Way back in 2004 Ascaron release a game called Sacred that made gamers feel like it was 1997 all over again and they were playing a high-resolution version of the classic Diablo. However, when it was released the game was a complete mess, and there was a general sense of negativity regarding this game in specific and the state of PC gaming in general. Then something amazing happened – Ascaron worked tirelessly to patch the game to the point where it became a favorite online hack & slash experience. They also released the ‘Plus Pack’ that was planned as a for-sale add-on for free – earning more good-will along the way.
Fast-forward four years and it feels like history is repeating itself: Ascaron releases Sacred 2 in Europe in the Fall to a general feeling that there is a good game hidden somewhere in all of the bugs. The reviews fell in the range of mediocre to average, and there was a general sense of disappointment that we were going through it all again. Two patches have arrived since that release – massive patches totalling more than a gigabyte in size! Patching problems have also been reported far and wide, particularly related to security / DRM changes that block the patch if they detect certain file changes in an attempt to prevent piracy … but as is the case so many times, they simply end up penalizing legal customers.
The DRM & patch issues warrant further examination: the game has a ‘one install active at a time’ policy. That seems strict, but in reality it is more reasonable than the ‘5 and done’ system used by EA. First off, if you install the game and don’t activate it, you are essentially getting a 24-hour full-featured demo. This is a great compromise, since it lets you have a full feel for the game, and since you cannot nearly complete the campaign in 24 hours anyway it really does work as a demo. Once you choose to activate, the game is locked to that particular PC, meaning that you need to uninstall to ‘revoke’ the activation before installing on another PC or selling/trading the game. Patching the game has proven interesting – I pretty much lost a weekend of potential gaming to the process. After downloading ~1.2GB of files, I had to wait hours while they authenticated everything, then a while longer for the actual patching process to complete. Then I had to repeat it for the second patch. So after installing the game on a Friday and downloading the patches on Saturday morning, I would visit my PC occasionally on Saturday and Sunday until I got everything patched up before finally starting. I can only imagine how I would feel if there had been problems!
At this point you are probably wondering how I manage to start things this way and end up with a ‘Buy It’ recommendation! Well, read on and see …
Sacred 2 tells the story of Ancaria two millennia prior to the events of the original Sacred. There is a power struggle at hand based on the mysterious T-energy that is the source of all life and magic. Originally the Seraphim controlled the energy and used it for good, but over time they allowed a share of that power to go to the High Elves … who in time used it to become the dominant race in Ancaria. Of course, the High Elves begin to quarrel amongst themselves over the use of the T-energy, allowing other races to join the struggle for control of the T-energy and therefore become the dominant force. As this is going on, something happens that causes the T-energy flow to become increasingly destructive, mutating creatures and causing hostility and chaos to spread across the realms. Being this is a fantasy RPG, that is the point at which you get to enter the story!

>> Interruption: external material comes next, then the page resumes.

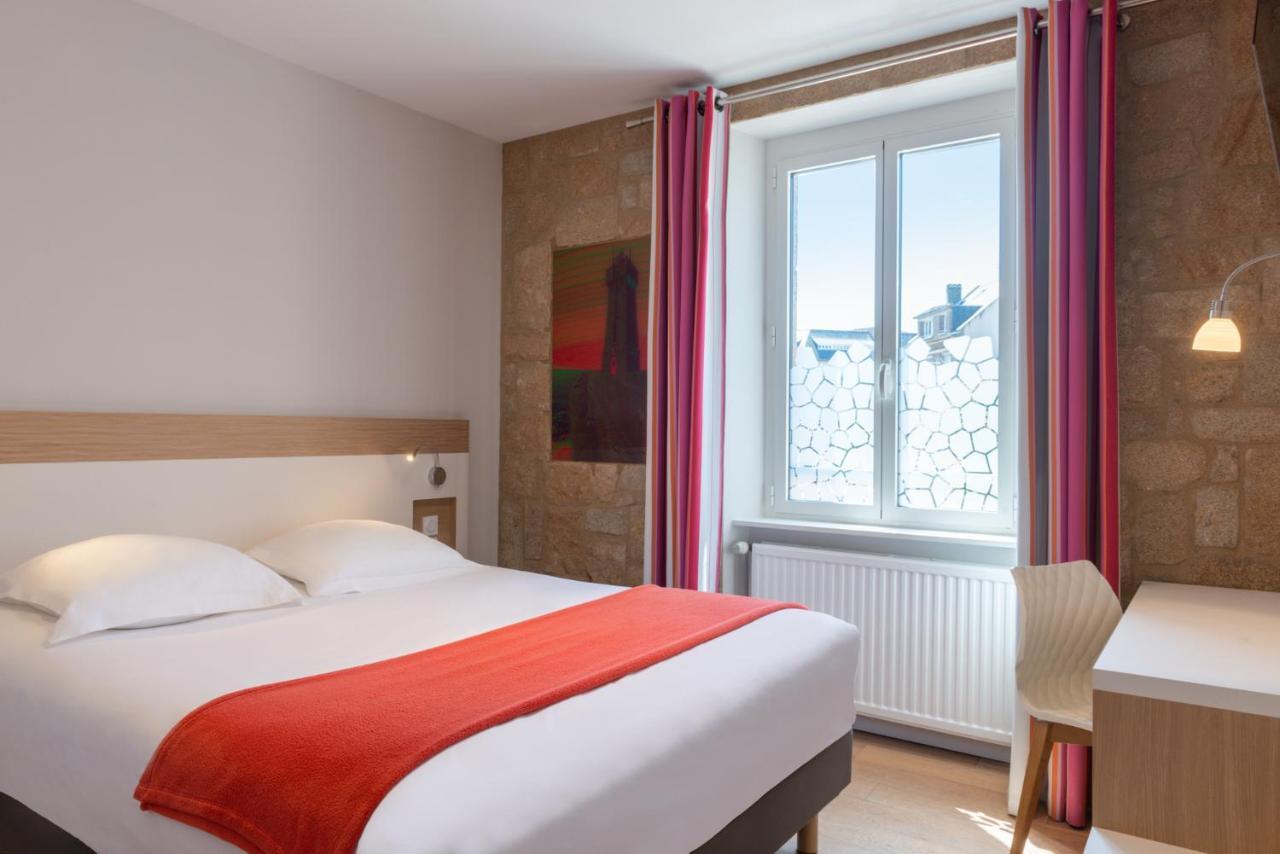Hotel De Perros, The Originals Boutique Luaran gambar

There are two campaigns – Light and Shadow – and you choose which one to pursue from the beginning. Well, that is only partly true – you choose from a cast of six potential characters, one of whom represent ‘good’ and therefore take you down the Light path (Seraphim) and another who represents ‘evil’ and forces you on the Shadow path (Inquisitor). With the other four you can choose Light or Shadow, depending on whether you want to heal the land or further the forces of chaos. Either way you’ll engage in a constant stream of killing loads of things interrupted by occasionally talking to folks to get new reasons to kill specific things. You also get to specify your deity, but not much else.
Let me be clear – Sacred 2 won’t be winning any originality contests. It is a straight action-RPG in the grand tradition of Diablo, whose lineage includes games such as Diablo II, the original Sacred, and Titan Quest. Sacred 2 has taken elements from all of those games and improved upon its predecessor in nearly every way. The game is still played from an isometric perspective, but the engine is fully 3D and as such you get much more control over the view. You can zoom in and out, rotate, tilt and so on.
Sacred 2 is a huge game – in terms of content as well as size. The world is open and you can go anywhere — just like in the original — and the size is estimated at 22 square miles. The main quest reportedly contains over a hundred quests, with hundreds of side-quests available to any character, as well as character-specific quests and quests related to the chosen deity. While I did not go through and count them all, the sheer volume of quests listed in my log gave me no reason to debate these numbers. Generally the quests are simple and straight-forward – go there, get this, kill that – but occasionally there are multi-stage quests. The range of types and difficulty of quests is also very satisfying. I can’t over-state that, because in a game that is all about the kill-loot-quest-advance cycle, it is easy to slide into boredom. Fortunately the quests and the NPCs handing them out are varied and keep you engaged.
Character development is also done much as it was in the original, but the interface has been streamlined – but in a good way. Skills are spelled out more completely and the skill tree works very nicely. Weapons are slotted in the same way as the original, which allows you to improve them with items you find along the way. New skills and spells are learned using runes you will find as you adventure, and finding multiples will allow you to gain more levels. Everything is specific to your character – so if you are playing a Seraphim and find a rune for an Inquisitor, you can simply sell it off. This sets a fairly tight box around the way you gain active skills, but given the limitations to how you can advance and learn passive skills it actually works quite well.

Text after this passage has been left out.